Reading File Metadata with extract and libextractor
Modern file formats have provisions to annotate the contents of the file with descriptive information. This development is driven by the need to find a better way to organize data than merely by using filenames. The problem with such metadata is it is not stored in a standardized manner across different file formats. This makes it difficult for format-agnostic tools, such as file managers or file-sharing applications, to make use of the information. It also results in a plethora of format-specific tools used to extract the metadata, such as AVInfo, id3edit, jpeginfo and Vocoditor.
In this article, the libextractor library and the extract tool are introduced. The goal of the libextractor Project is to provide a uniform interface for obtaining metadata from different file formats. libextractor currently is used by evidence, the file manager for the forthcoming version of Enlightenment, as well as for GNUnet, an anonymous, censorship-resistant peer-to-peer file-sharing system. The extract tool is a command-line interface to the library. libextractor is licensed under the GNU General Public License.

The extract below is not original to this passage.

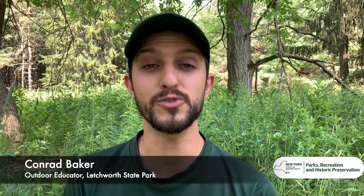Hey Nature Detectives, I'm Conrad. I'm an outdoor educator with the New York State Office of Parks, Recreation, and Historic Preservation at Letchworth State Park, and today I have a nature mystery for you.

libextractor shares some similarities with the popular file tool, which uses the first bytes in a file to guess the MIME type. libextractor differs from file in that it tries to obtain much more information than the MIME type. Depending on the file format, libextractor can obtain additional information, including the name of the software used to create the file, the author, descriptions, album titles, image dimensions or the duration of a movie.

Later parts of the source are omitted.